About this task :: The records below are to be returned word for word, with pictures left out.

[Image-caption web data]
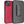 Load image into Gallery viewer, BELTRON Combo Case with Belt Clip for iPhone 13, Super Slim Rubberized Grip Case & Swivel Belt Clip Holster with Built-in Kickstand (Black)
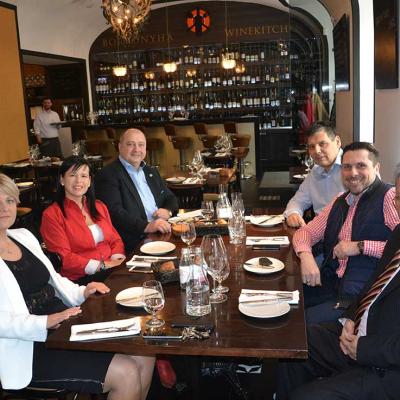 Ettermi Gasztroturak 15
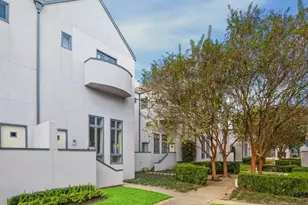 1369 Arlington St, Houston, TX 77008 - Photo 6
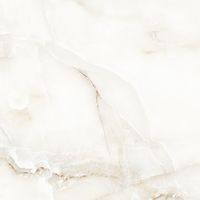 Maimoon Ceramica Керамогранит 60X60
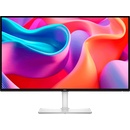 Dell Plus S2725DC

Task result ::
 Load image into Gallery viewer, BELTRON Combo Case with Belt Clip for iPhone 13, Super Slim Rubberized Grip Case & Swivel Belt Clip Holster with Built-in Kickstand (Black)
 Ettermi Gasztroturak 15
 1369 Arlington St, Houston, TX 77008 - Photo 6
 Maimoon Ceramica Керамогранит 60X60
 Dell Plus S2725DC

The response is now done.